Delay estimation (GCC-PHAT)¶

# Estimate time delay between two microphone signals
delay_sec, correlation = analysis.gcc_phat(mic1, mic2)
print(f"Estimated delay: {delay_sec * 1000:.2f} ms")

API reference¶

analysis ¶

Audio analysis: loudness, spectral features, pitch/onset detection, resampling.

loudness_lufs ¶

loudness_lufs(buf: AudioBuffer) -> float

Measure integrated loudness per ITU-R BS.1770-4.

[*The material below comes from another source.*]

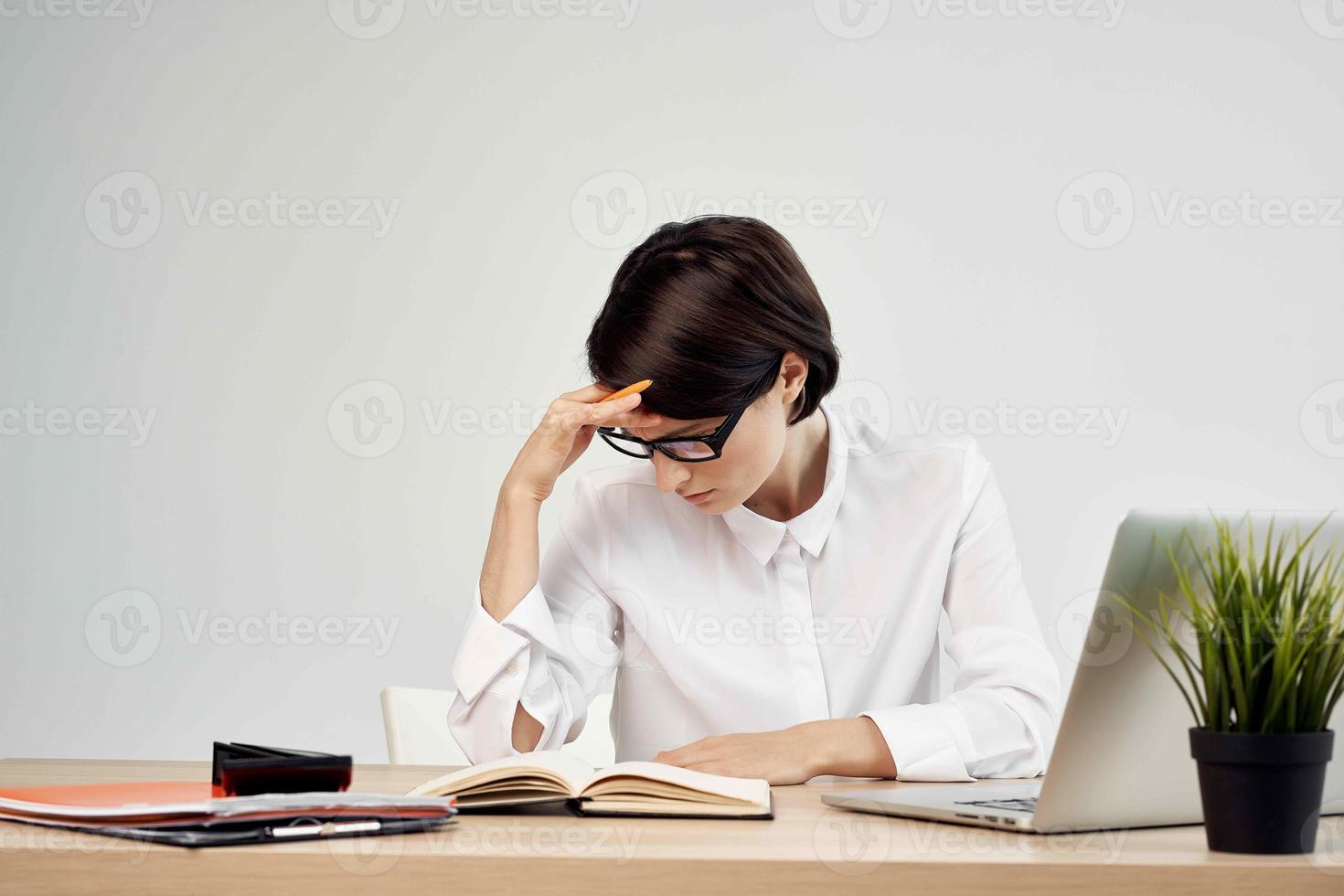 female manager in the office documents Professional Job light background photo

Implements the gated loudness measurement algorithm defined in ITU-R BS.1770-4 (10/2015), "Algorithms to measure audio programme loudness and true-peak audio level."

RETURNS	DESCRIPTION
`float`	Integrated loudness in LUFS. Returns `-inf` for silence or signals shorter than 400 ms.

References

.. [1] ITU-R BS.1770-4, "Algorithms to measure audio programme loudness and true-peak audio level," International Telecommunication Union, 2015. https://www.itu.int/rec/R-REC-BS.1770

true_peak_dbtp ¶

true_peak_dbtp(buf: AudioBuffer) -> float

Measure true peak level per ITU-R BS.1770-4.

Oversamples by 4x to detect inter-sample peaks that exceed the sample peak, then returns the maximum absolute value in dBTP.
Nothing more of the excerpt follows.